UN Calls On Israel To Open Secretive Nuclear Arsenal For Inspection
(MintPress) – On Monday, the U.N. General Assembly voted overwhelmingly in favor of a resolution calling for Israel to open its secretive nuclear arsenal to inspection by members of the International Atomic Energy Agency (IAEA). Israel, the lone nuclear power in the Middle East, has refused to sign the Nuclear Non-Proliferation Treaty, despite 174 nations calling for Tel Aviv to open its stockpile for inspection “without delay.”
This comes on the heels of the successful bid to upgrade Palestine’s political status to that of non-member observer at the U.N., signaling a collective international exasperation with decades of Israeli policies antithetical to peace.
Although there are no accurate figures for the size of Israel’s nuclear arsenal, it is estimated at numbers greater than 100 weapons, a stockpile that neighboring countries view as hostile and potentially destabilizing to the region. The Israeli government has consistently maintained a policy of “nuclear ambiguity,” neither confirming nor denying the existence of weapons. However, many leaders, even those within Israel, are questioning the long held belief that nuclear weapons provide security. Regional disarmament and the creation of a weapons free Middle East is undoubtedly in the long term interests of Israel, Iran and all states seeking security and peace.

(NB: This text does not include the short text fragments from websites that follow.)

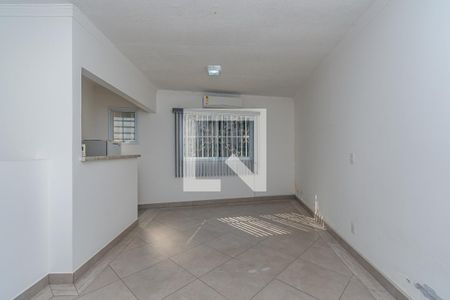 Casa para alugar com 80m², 1 quarto e 2 vagas Casa para alugar com 80m², 1 quarto e 2 vagasCozinha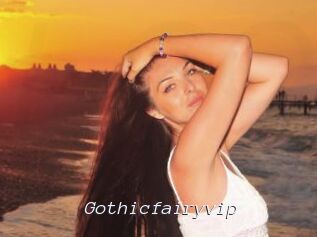 Gothicfairyvip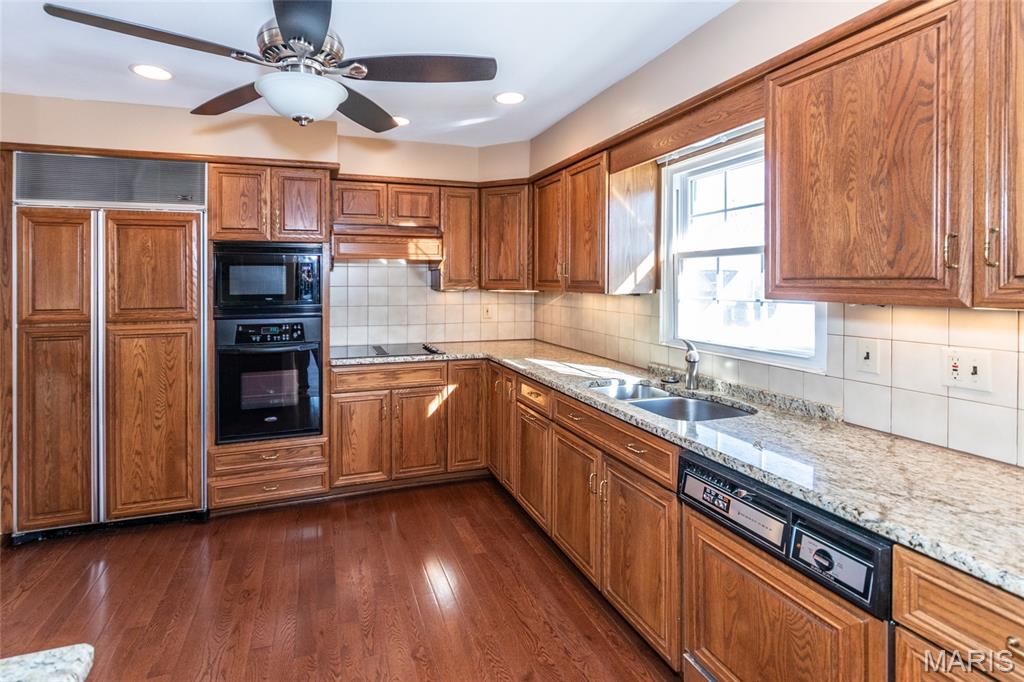 Warwick Add - Residential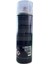 Boya Sökücü Sprey ( Paınt Remover) 500ML 2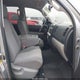 5TFDW5F10DX300132 2013 Toyota Tundra Grade 5.7L V8 auction photo thumbnail 5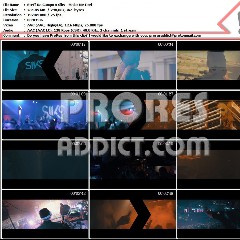 Steff da Campo & Siks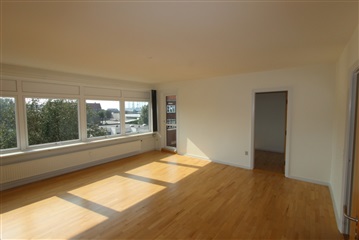 Photo 4. Apartment, Willemoesgade, Esbjerg 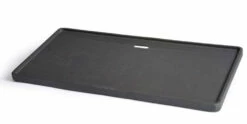 Plancha Pequeña Para Barbacoas G Grandhall -cocina al aire libre comercio Plancha pequena barbacoas GT Grandhall 1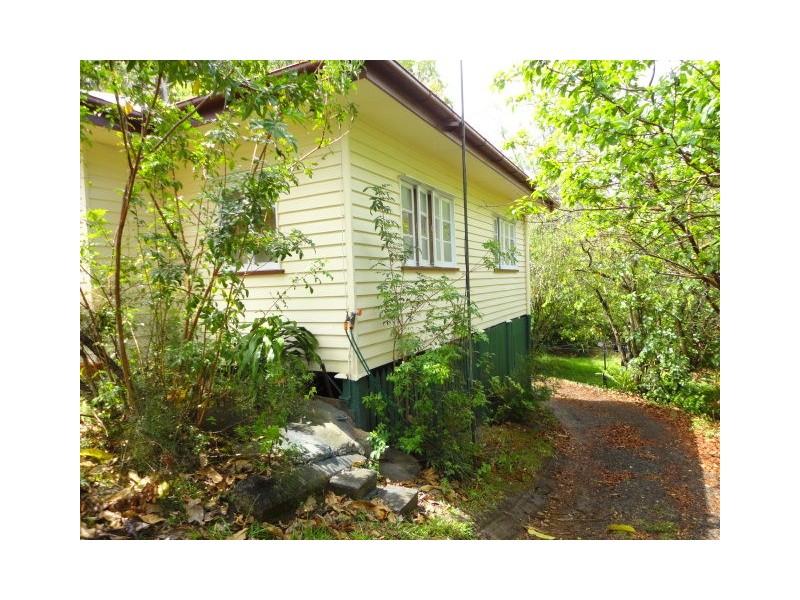 Nambour QLD 4560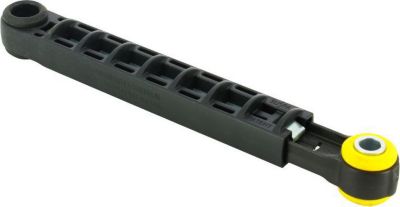 Amortisseur HOME EQUIPEMENT B11039636REC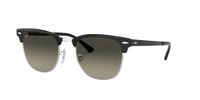 Ray-Ban Clubmaster Metal RB3716 900471 51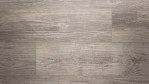 KO-eurohome-villa-pure-mercury-VFUK408P-Close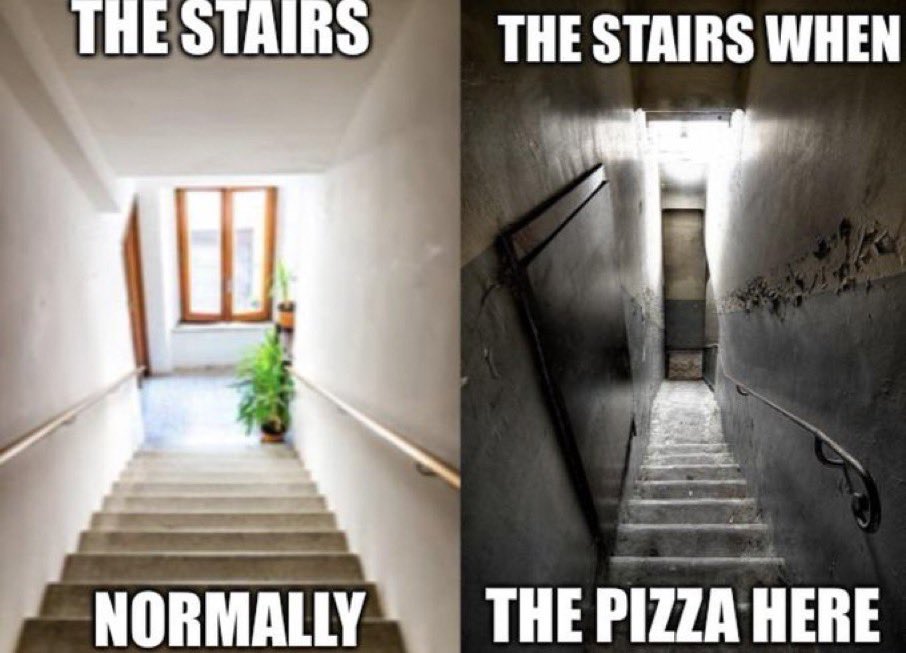 Salem sussy mung us balls tweet media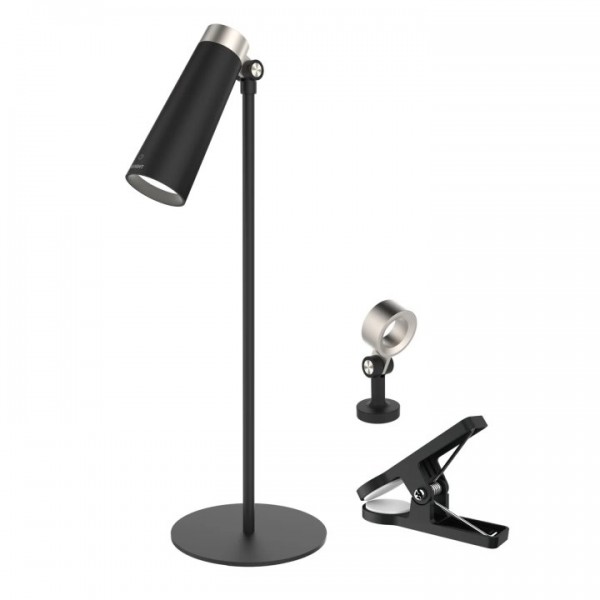 Yeelight 4-in-1 Rechargeable Desk Lamp ? LED Produkt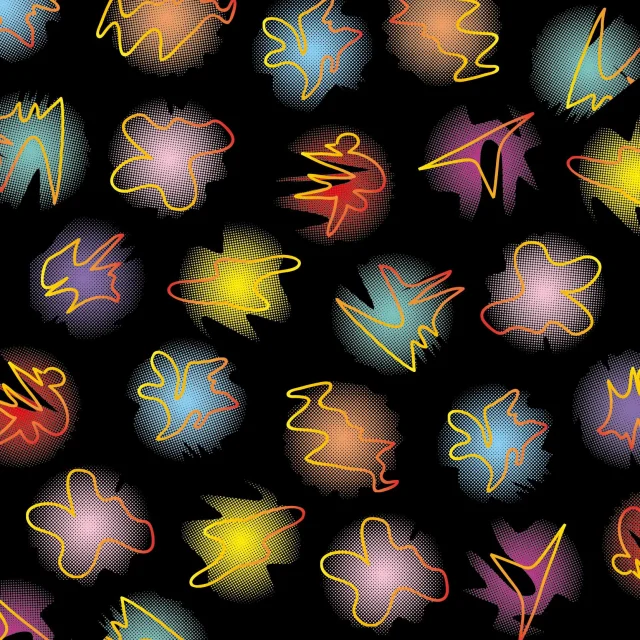 Jazz A Letage Officiel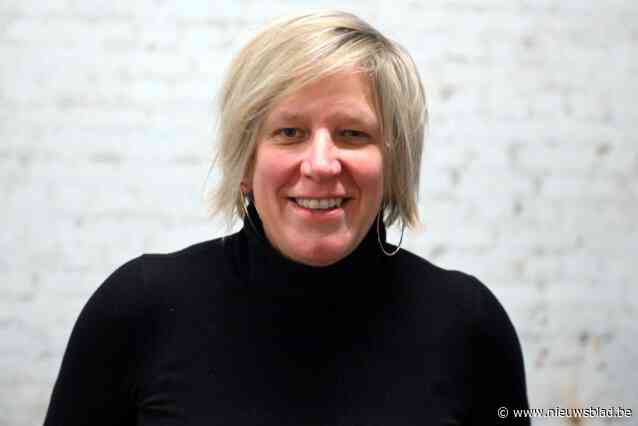 KDN United doekt volgend seizoen eerste ploeg op: “Zullen door deze keuze financieel minder onder druk staan”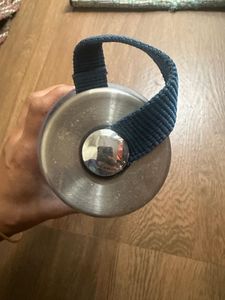 946ml Water Bottle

Non-proliferation and disarmament
Israel has long refused even the possibility of nuclear enrichment for peaceful purposes in Iran without offering a disclosure of its own stockpiles. Israeli Prime Minister Benjamin Netanyahu has called for attacks on any nuclear stockpiles in Iran, a move that, at best, could delay Iranian nuclear development by two years and will likely lead to a devastating regional war.

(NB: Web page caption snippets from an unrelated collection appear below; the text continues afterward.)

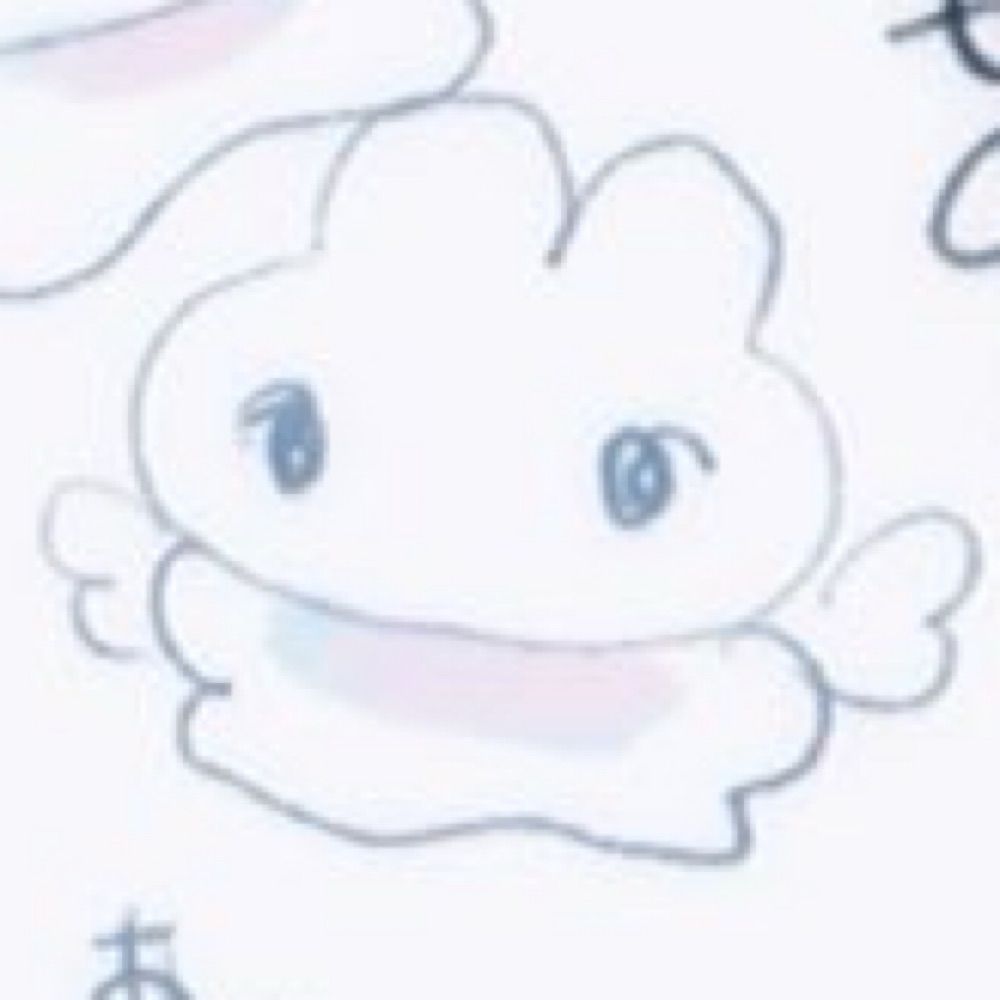 い ち こ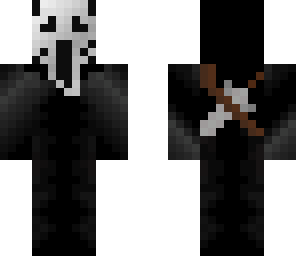 the  reaper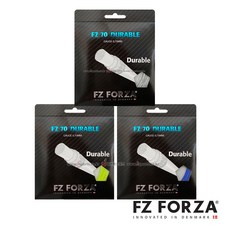 a7ed54fe649938575e2f842dd3da6c9ddc45a35830df3805224ba51a2ccf.jpg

Israel maintaining a secretive weapons stockpile while insisting on a complete nuclear hegemony in the Middle East is not only hypocritical, it will be potentially destabilizing for the region.
Global nuclear weapons stockpiles have been reduced considerably since the height of the Cold War to five nations — the U.S., Russia, China, U.K. and France — and these countries maintain official nuclear stockpiles having committed to transparency in signing the Non-Proliferation of Nuclear Weapons Treaty.
Since its broad adoption in 1970, the treaty on the Non-Proliferation of Nuclear Weapons has been signed by virtually every country on earth.
However, Israel, Pakistan and India are the lone countries that won’t allow inspectors from IAEA to monitor weapon stockpiles and the development of nuclear technology for peaceful and non-peaceful purposes.
North Korea, one of the original signatories, withdrew from treaty in 2003, joining the trio.
Despite resistance from Israeli politicians, a majority of Jewish-Israelis support the establishment of a nuclear weapons free zone in the Middle East including the disarmament of Israel’s own weapons stockpiles.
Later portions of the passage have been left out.